Boris Nadezhdin invited two categories of people to a dark and empty restaurant on the outskirts of Moscow on Thursday evening.
The most important of them were the wives of soldiers who were called up in the fall of 2022 to the war in Ukraine. The others were journalists. With some exceptions, only Western media attended.
Nadezhdin wanted to show her support for the women who are demanding that their mobilized men be allowed to return home. Some of them have been at war for nearly a year and a half.
– Those of you who do not want to be photographed can sit on the left. “Those of you who don't mind can sit on the right,” Nadezhdin told the women.
Many were excited, some a little scared. Some Russians working for Western media did not come because they were afraid that the FSB security police would come and register the participants.
He challenged Putin on state television
Boris Nadezhdin is the man who spoke before President Putin on the state television channel NTV. Twice even.
– “We must start negotiations on how to end the war,” Nadezhdin said on the “Meeting Place” program in September 2022.
He said that establishing a good relationship with Europe is more important than waging a colonial war in Ukraine.
In May last year, he referred to the presidential elections scheduled for March 17 this year and said that the country should choose a president other than Putin.
The presenters protested, smiled and inserted commercial breaks. Western commentators have analyzed whether the events indicate a “new openness.”
But no, Nadezhdin's result on state television remained unique.
Angry and disappointed women
– The ladies here are patriots. But the war made ordinary women turn against the authorities, Nadezhdin said when he opened the meeting.
Maria's husband and brother were among about 300,000 soldiers mobilized in September 2022. That is, they received a call-up and are therefore not voluntary contract soldiers.
– My husband has been in the trenches since last February. He did not see anything about rotating forces. Nor my brother.
– Maria asks what their fault? She almost feels terrible and wants them home.
Antonina has a 45-year-old man who suffers from chronic gastritis, or gastroenteritis. He was also summoned nearly a year and a half ago.
He thought he would be exempted, but at the mobilization center they claimed the documents might be “forged.”
He has not yet received any treatment for his stomach problems. But he is now in a hospital near the front because he was wounded in battle as a tank driver.
– Send him home, Antonina says when I ask her about her message to Putin.
The women are part of a loose network that calls itself “The Way Home.” They themselves say they count 39,000 soldiers' wives.

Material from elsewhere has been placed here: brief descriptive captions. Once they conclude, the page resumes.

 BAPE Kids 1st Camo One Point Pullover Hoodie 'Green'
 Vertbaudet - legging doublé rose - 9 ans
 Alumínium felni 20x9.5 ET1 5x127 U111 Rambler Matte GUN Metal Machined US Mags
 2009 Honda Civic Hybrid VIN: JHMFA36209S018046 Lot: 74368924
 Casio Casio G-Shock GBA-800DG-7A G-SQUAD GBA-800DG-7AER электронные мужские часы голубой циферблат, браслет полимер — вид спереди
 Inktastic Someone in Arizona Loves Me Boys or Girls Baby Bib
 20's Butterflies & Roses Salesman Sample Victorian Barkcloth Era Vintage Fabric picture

The basic requirement is to dismiss those who were summoned approximately a year and a half ago. They also have their own channel on the Russian messaging platform “Telegram”.
Collect signatures
– This meeting is unique. Other presidential candidates do not take the time to listen to voters, at least not to those critical of the war. Boris Nadezhdin himself says this.
He needs 100,000 signatures before January 31 to be registered as a presidential candidate.

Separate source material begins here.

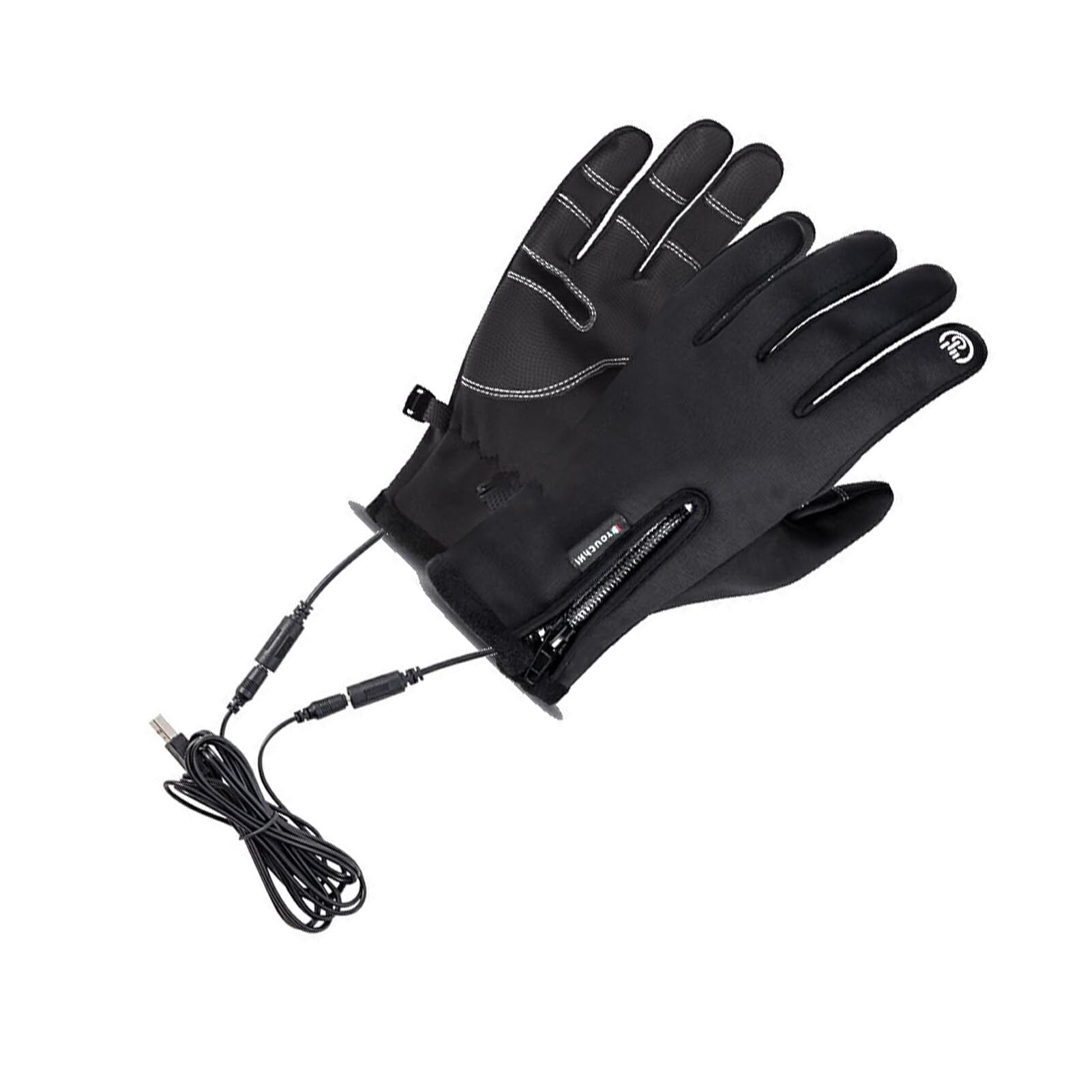 rongweiwang Fahrradhandschuhe für den Winter, Touchscreen für bequemes Telefonieren unterwegs 1. Hochelastische beheizte Handschuhe Winterhandschuhe 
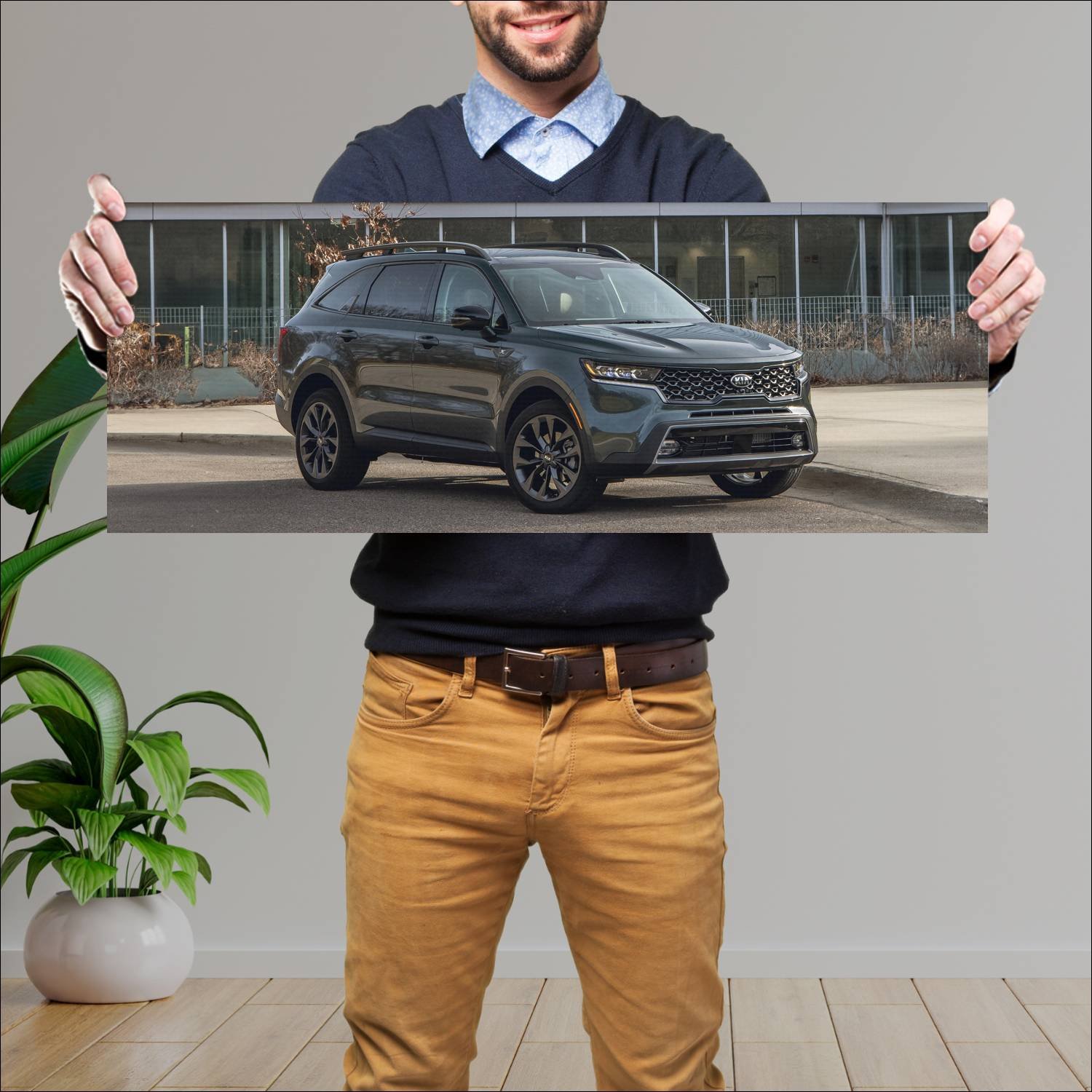 Cuadro grande 30x80cm 2021 kia sorento x line us 1 267 Kia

This is the demand of the candidates who have a party behind them. It has the support of a small and somewhat unknown party, “Borgerinitiativet”.
Nadezhdin tells NRK he thinks it will work out.

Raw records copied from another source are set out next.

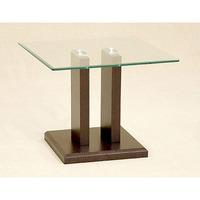 Troy Lamp Table In Clear Glass Top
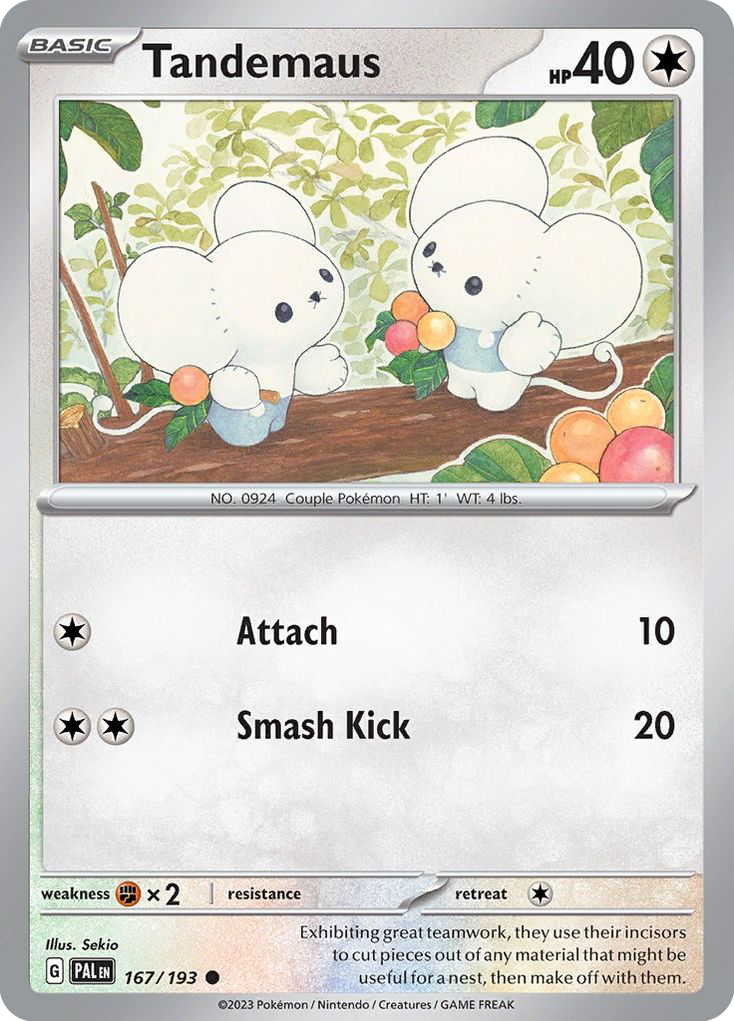Tandemaus - Paldea Evolved - #167 - Pokemon TCG card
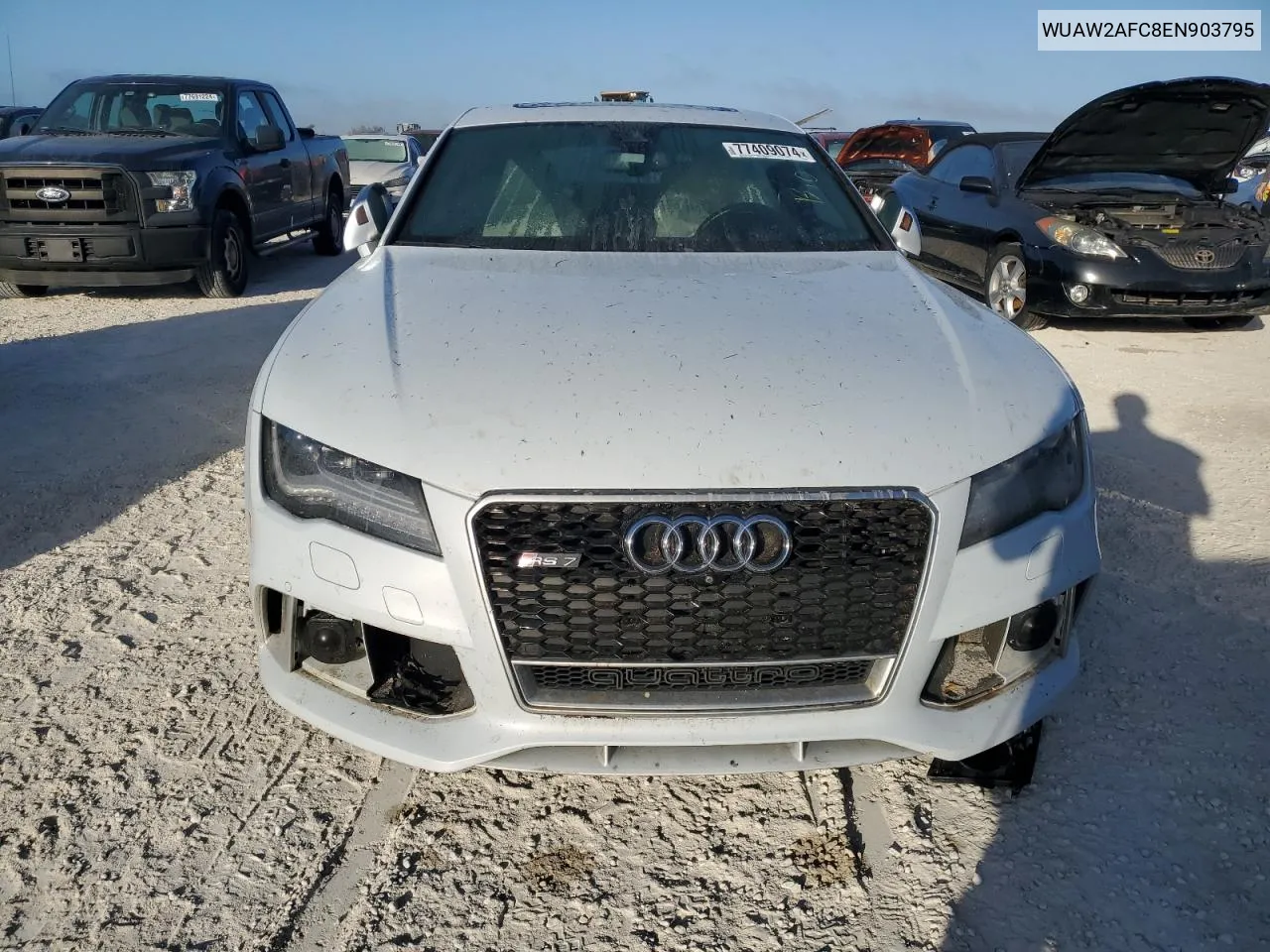 2014 Audi Rs7 VIN: WUAW2AFC8EN903795 Lot: 77409074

– But don't those who sign that they support an opponent in war risk getting into trouble?
– They don't risk anything. The Russian Constitution stipulates that everyone has the right to criticize the current authorities. They can say that Putin is wrong, and that he is leading the country into a dead end.
This is what the former Deputy Speaker of the Duma, Russia's lower house of parliament, said. He clearly knows full well that the Constitution is no guarantee against being persecuted for speaking out against war.
There is also a law that punishes statements that defame the Russian Armed Forces with up to 15 years in prison.
But if he gets 100,000 signatures, will the Election Commission accept it?
– In my long political career, I have often collected signatures that were not approved, resulting in me not being registered.
– Last summer, I ran as a candidate for governor of the Moscow region. And you know what? It turned out that I had very few signatures because many of them were “so bad.”
No chance
This is just one of the many ways to stop people outside “the system.” The “system” in this context is the parties represented in the National Assembly, the Duma.
Boris Nadezhdin has no chance of becoming the next president of Russia. But the 60-year-old is not giving up, and the desire to help soldiers' wives seems sincere.
Many wonder why he is allowed to criticize the war and Putin as he does.
Perhaps this is because he does not have the same ability to mobilize and organize as opposition politician Alexei Navalny. He was placed in a concentration camp in northwestern Siberia.